Nadine Labaki’s multiple award-winning film Capernaum (‘Chaos’) won the 2018 Jury Prize at the Cannes Film Festival and was nominated for an Oscar. Set in Beirut’s slums, it follows a 12-year-old boy (played by a Syrian child refugee) who runs away from parents who cannot cope. Living on the streets, he forms a bond with an undocumented Ethiopian migrant and her baby son. Jailed for a crime, the boy sues his parents for bringing him into the world. The Lebanese actor and filmmaker speaks to Maya Jaggi about filming with non-professional actors in the toughest neighbourhoods, the challenges of holding a mirror up to society, and a sparkling career in film. This talk will be followed later the same evening by a Gala performance of Khaled Mouzanar’s music from Capernaum.
NADINE LABAKI is an actor and filmmaker who graduated in audiovisual studies from the University of Beirut. Her first feature, Caramel (2007), an ode to female friendship developed through a Cinéfondation Residency at the Cannes Film Festival, was showcased at the Directors’ Fortnight, and became Lebanon’s most successful film export. Where Do We Go Now? (2011), a fable about religious tensions and tolerance, premiered at Cannes in Un Certain Regard. After Rio, I Love You (segment ‘O Milagre’) (2014), she spent five years making Capernaum (2018), which won the Jury Prize at Cannes and was nominated for a Golden Globe and an Oscar for Best Foreign Language Film. This year she became the first Arab jury president of Un Certain Regard at Cannes. She has been a jury member at the Venice, Sundance and Tribeca film Festivals, and of the Palme d’Or at Cannes. She is a French Chevalier in the Order of Arts and Letters.
MAYA JAGGI is Director and co-presenter of Suoni dal Golfo’s Sea of Stories on the Gulf of Poets. A writer, critic, cultural journalist, consultant and artistic director in London, where she was born, she has reported from five continents and interviewed 14 Nobel prizewinners among hundreds of cultural figures, from Günter Grass and Umberto Eco to Salman Rushdie and Edward Said.
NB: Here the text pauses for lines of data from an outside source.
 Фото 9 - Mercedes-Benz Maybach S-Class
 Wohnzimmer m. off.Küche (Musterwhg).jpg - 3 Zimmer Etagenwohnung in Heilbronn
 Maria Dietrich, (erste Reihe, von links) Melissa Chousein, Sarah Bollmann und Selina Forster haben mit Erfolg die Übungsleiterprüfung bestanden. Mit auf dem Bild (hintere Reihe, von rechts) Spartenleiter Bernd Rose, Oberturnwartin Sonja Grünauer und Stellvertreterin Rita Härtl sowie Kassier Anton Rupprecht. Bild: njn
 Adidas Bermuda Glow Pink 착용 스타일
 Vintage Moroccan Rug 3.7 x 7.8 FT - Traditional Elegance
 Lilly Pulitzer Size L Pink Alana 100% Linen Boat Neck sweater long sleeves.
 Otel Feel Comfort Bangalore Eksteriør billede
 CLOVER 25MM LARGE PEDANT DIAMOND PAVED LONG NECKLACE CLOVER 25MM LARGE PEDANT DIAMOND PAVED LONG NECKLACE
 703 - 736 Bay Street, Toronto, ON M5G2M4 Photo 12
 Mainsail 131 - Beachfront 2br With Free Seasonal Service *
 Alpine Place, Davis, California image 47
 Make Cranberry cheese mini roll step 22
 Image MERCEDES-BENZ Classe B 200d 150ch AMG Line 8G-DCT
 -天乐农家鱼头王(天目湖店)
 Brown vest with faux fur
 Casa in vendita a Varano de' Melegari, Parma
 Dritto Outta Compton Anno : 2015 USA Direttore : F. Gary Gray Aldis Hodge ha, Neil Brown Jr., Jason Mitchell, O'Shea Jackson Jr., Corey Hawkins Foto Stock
Her writing on global art, literature and music appears in the Financial Times, New York Review of Books, New York Times and Words Without Borders – where she is Critic at Large – and she contributes to the BBC. She was a leading profile writer and critic for the Guardian newspaper’s Review in 1999-2015, and is ‘one of Britain’s most respected arts journalists,’ according to the Open University, which awarded her an honorary doctorate in 2012. She has been an Associate Fellow of Warwick University, a DAAD Arts and Media Fellow in Berlin and an EU Senior Expert in Cultural Journalism in post-Soviet Europe. She holds degrees from Oxford University and the London School of Economics.
This conversation is part of the Lebanese focus of Sea of Stories on the Gulf of Poets. The talk will be in English with simultaneous translation into Italian.